In short time, most of the former Confederacy was back under the control of its wartime leaders. The Jim-Crow era was enabled by the continued believe in white racial superiority, a key element in the Lost Cause myth. Northern states as well regressed, introducing their own segregation, but more disastrously, buying into the stereotyped racism that the South produced. Additionally, the North accepted the idea that the South’s motivation for secession was not based on slavery, further enabling a set viewpoint that allowed the vestiges of personal freedom and power to be restricted from blacks (Gallagher and Nolan, The Myth of the Lost Cause and Civil War History, 38-50).

The impact of the Lost Cause narrative continued to ripple throughout the 20thcentury. The activities of the Ku Klux Klan, the riots over school desegregation in Boston, and the messages in the 2003 movie “Gods and Generals” (Woodworth, Steven E. “Film Review: Gods and Generals”. Teaching History.) illustrate the range and depth of the influence this ideology has on American life. Today most historians agree on the cause of the Civil War. However, many aspects of the Lost Cause narrative remain in US society and while most Americans do not believe in the entire narrative, there still remain elements that are commonly held to be true (Gallagher and Nolan, The Myth of the Lost Cause and Civil War History, 37-66). Therefore, let us look at the elements which helped to spread this myth so that we can understand their origin and correct our misunderstandings.

The Confederate Constitution


(Richardson, James D. “Constitution of the Confederate States; March 11, 1861.” Published on the Avalon Project, Yale University.

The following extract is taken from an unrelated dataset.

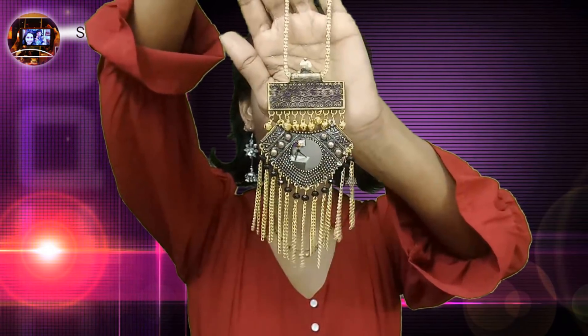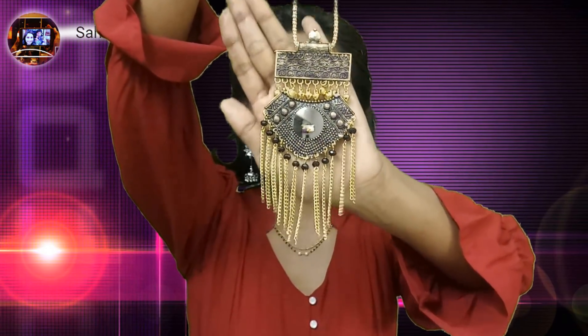The final one is the star product — I'd say second star product, because the first star product is the tassel Afghan earrings. Here we go — the Afghan necklace with mirror. They have it in both gold and silver tone, and I received mine in gold tone. Guys, look at this marvelous piece of jewelry — it's really so good and will definitely suit any outfit and festive occasions too.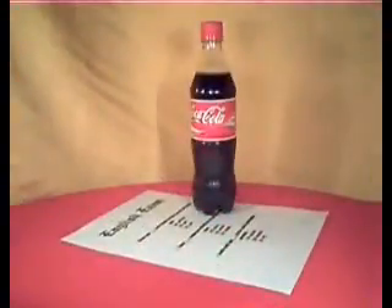In this video, I'm going to show you the coolest and most professional way to cheat on a test or an exam. The only thing you're going to need at first is a bottle of Coke.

Article 1, Section 9, Article 4 of the Confederate Constitution enshrines slavery in the newly created nation. From the very beginning of the Civil War, the Southern States made it expressly clear that slavery was an elemental and permanent fixture in their intended future. In addition to this, the Confederate Constitution also stipulated the express ability for Confederacy to expand slavery into any new territory it may acquire in Article 4, Section 3, Article 3. This directly contrasts with the Lost Cause argument which promotes the idea that the Southern states would have abolished slavery on their own in time.